Kikuchi, an 18-year-old left-hander from Hanamaki Higashi High School in northern Japan, would be the most coveted young Japanese player to join an MLB team, but he is equally desired by Japan’s 12 professional teams.

His star rose at the national high school baseball tournament this summer as his 155 kph (96mph) fastball dazzled. Japan’s Koshien tournment is a big thing even for non-baseball fans in Japan, as the event catapults high school players into the pro ranks.

Sometimes just one high school star can affect an entire team’s fortunes. Masahiro Tanaka, now a starting pitcher for Japan’s Rakuten Golden Eagles, was a high school phenomenon in the summer of 2006.

MLB, which had previously observed a kind of “gentleman’s agreement” with Japanese pro baseball that it would not recruit high school talent, made no overt offers to Tanaka, unlike the aggressive efforts with Kikuchi.  

Tanaka, who won 15 games this year, has also helped Rakuten increase fans. His team is now playing against the Nippon Ham Fighters in its first play-off season, a homecoming for Tanaka as he played in Hokkaido during his high school days and has many fans there.

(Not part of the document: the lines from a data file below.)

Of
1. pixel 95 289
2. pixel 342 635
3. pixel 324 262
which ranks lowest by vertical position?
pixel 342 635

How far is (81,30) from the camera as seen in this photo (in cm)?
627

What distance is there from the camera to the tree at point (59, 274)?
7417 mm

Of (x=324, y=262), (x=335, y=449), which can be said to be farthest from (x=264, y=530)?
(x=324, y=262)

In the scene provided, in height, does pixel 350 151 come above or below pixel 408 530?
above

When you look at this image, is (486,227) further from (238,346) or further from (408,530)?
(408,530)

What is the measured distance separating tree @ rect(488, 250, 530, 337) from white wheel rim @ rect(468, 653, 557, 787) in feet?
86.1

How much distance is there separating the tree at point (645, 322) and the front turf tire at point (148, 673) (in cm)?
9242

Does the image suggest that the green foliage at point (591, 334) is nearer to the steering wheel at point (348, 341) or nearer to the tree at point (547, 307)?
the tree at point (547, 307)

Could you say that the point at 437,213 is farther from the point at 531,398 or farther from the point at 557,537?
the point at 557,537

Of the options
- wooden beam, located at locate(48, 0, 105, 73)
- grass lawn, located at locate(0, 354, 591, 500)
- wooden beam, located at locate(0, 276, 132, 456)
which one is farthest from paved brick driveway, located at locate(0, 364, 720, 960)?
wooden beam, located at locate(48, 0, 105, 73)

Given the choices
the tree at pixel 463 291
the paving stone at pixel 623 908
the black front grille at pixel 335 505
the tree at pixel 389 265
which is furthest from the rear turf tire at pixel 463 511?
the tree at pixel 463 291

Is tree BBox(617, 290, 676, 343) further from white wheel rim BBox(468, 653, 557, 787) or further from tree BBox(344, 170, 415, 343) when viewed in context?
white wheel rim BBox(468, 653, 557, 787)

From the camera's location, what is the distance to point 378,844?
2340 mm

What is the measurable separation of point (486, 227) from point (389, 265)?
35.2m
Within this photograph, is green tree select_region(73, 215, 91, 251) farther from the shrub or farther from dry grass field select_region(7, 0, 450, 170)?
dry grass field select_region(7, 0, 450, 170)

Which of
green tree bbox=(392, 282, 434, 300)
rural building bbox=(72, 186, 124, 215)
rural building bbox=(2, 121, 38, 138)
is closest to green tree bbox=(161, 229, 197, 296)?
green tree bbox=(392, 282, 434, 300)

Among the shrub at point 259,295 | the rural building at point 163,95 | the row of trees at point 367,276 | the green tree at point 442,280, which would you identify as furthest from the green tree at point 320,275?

Kikuchi may become another Tanaka in the future. That is, if MLB teams do not swoop in and remove a future star from Japanese playing fields.

COMMENT

When it comes down to things…I think that it would be best for the Japanese players to stay a little while in Japan and really make Baseball a part of the Japanese society. If after making an impact on Japanese youth female/male, they still want to play in the states than so be it.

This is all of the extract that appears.